I understand why this all happens: the media hypes up crime, we see some people as “other,” and there’s the sense that homeless people deserve their lot in a (supposed) meritocracy. When I was in medical school, I worked for a few years in a student-run clinic for the homeless in downtown Houston. Part of our duties was simply to converse with unhoused people during mealtime before the clinic opened. In those days, I was more introverted and hesitant to talk to new people. I also worried that unhoused people would want to be left alone given the stress they were facing. But I realize now that this kind of thinking is nothing more than the result of a culture that tells us it’s good to leave people alone and, in turn, for us to be left alone. Presumably this has to do with being free or independent. But we know that this kind of atomization doesn’t make people free, it just makes people isolated and lonely. People do want to be seen and heard, and listening and talking to people, I found in my experience at the clinic, is a really simple way to bridge the divide. Jordan Neely, it can be argued, was just asking to be seen and heard. He was asking for help. 

We live in a society whose leaders make every effort to preserve corporate profits, including profits off of human needs that have been commodified, and to maintain law and order in public spaces and to justify that law and order by keeping people afraid of crime. The results are absurd and dystopian: child labor, utility shut-offs for past-due accounts, crushing medical debt, refusal to permanently fix the homelessness problem, and Jordan Neely’s 42 arrests for, among other things, “transit fraud and criminal trespass[ing].”

What if, instead, we were a society that went to every effort to ensure the well-being and safety of every member of society? What if we made every effort to uplift each life instead of cherishing the right to be left alone and to leave others alone? In such a society, how might we have reacted differently to our fellow subway rider in his moment of greatest need?


  1. Mostly, though, what bothers me about subways is the noise level, which is a major public health issue because noise can reach levels that are damaging to human health. Problematically, the U.S. has no federal non-occupational safety standards around noise. 

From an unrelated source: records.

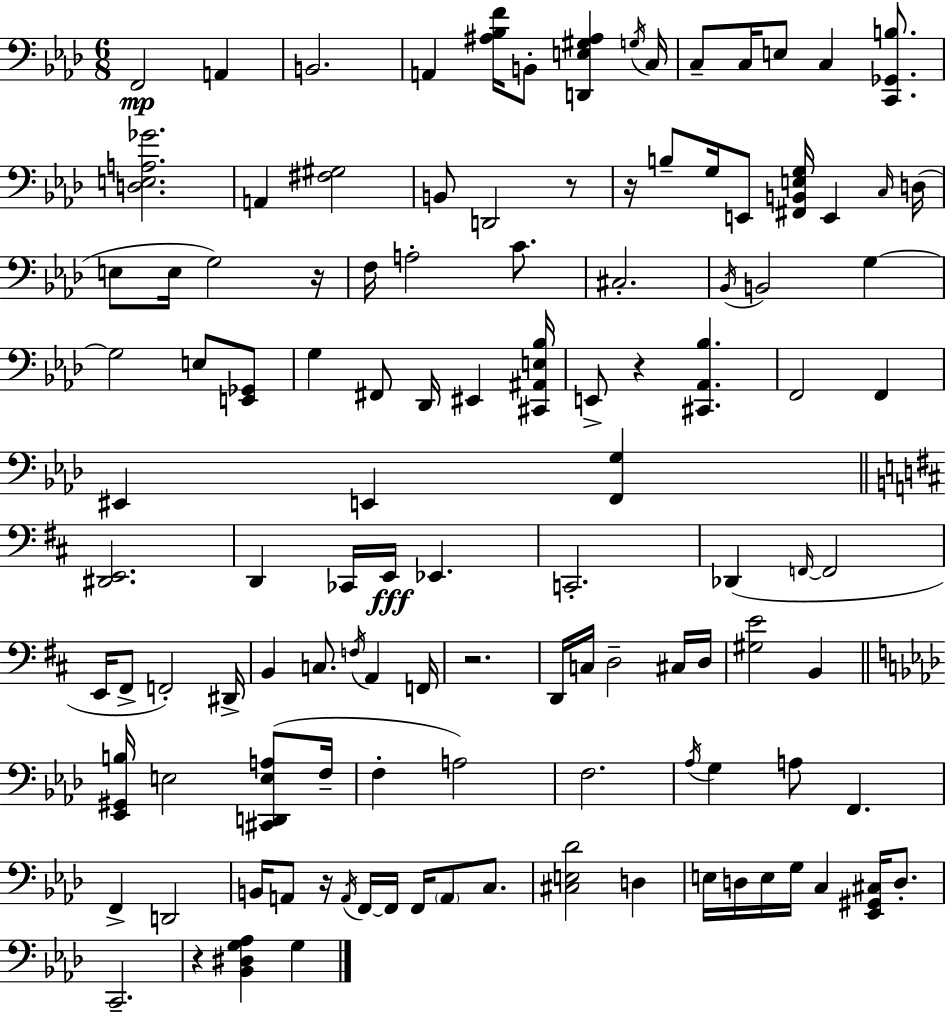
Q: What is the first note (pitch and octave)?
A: F2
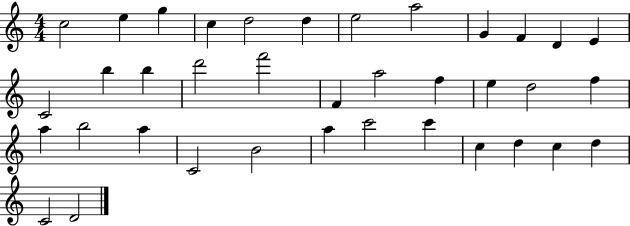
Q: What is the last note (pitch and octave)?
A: D4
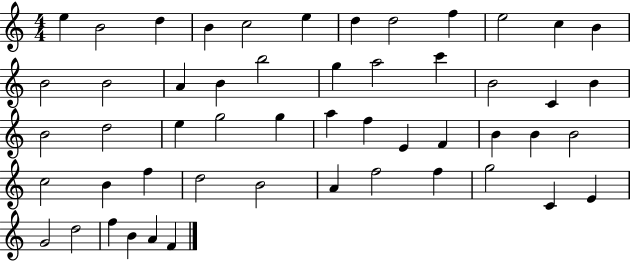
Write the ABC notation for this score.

X:1
T:Untitled
M:4/4
L:1/4
K:C
e B2 d B c2 e d d2 f e2 c B B2 B2 A B b2 g a2 c' B2 C B B2 d2 e g2 g a f E F B B B2 c2 B f d2 B2 A f2 f g2 C E G2 d2 f B A F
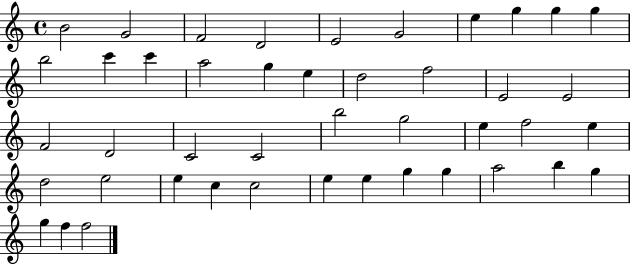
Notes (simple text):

B4/h G4/h F4/h D4/h E4/h G4/h E5/q G5/q G5/q G5/q B5/h C6/q C6/q A5/h G5/q E5/q D5/h F5/h E4/h E4/h F4/h D4/h C4/h C4/h B5/h G5/h E5/q F5/h E5/q D5/h E5/h E5/q C5/q C5/h E5/q E5/q G5/q G5/q A5/h B5/q G5/q G5/q F5/q F5/h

  2. Such disdain for class mixing is, incidentally, why Elon Musk hates public transit. “Why do you want to get on something with a lot of other people…there’s like a bunch of random strangers, one of who might be a serial killer, OK, great.” Of course, the subway is hardly the only place where we could be killed, as our epidemic of mass shootings proves. 

  3. Then there are the how not to appear racist as a white person parts, as if racism wasn’t a baked-in feature of society and as if it were just a concern of polite white people who want to make sure they’re seen as sufficiently progressive, particularly in the context of saying the names of rappers or asking tastefully about people’s ethnic backgrounds. 

  4. Don’t be a diva about your food allergies or avoidances, especially at a party. At the same time, do not talk about people’s food because they might have an eating disorder and you might trigger them. It’s fine to ghost people, but you must follow up with someone after a good time was had within a certain number of hours.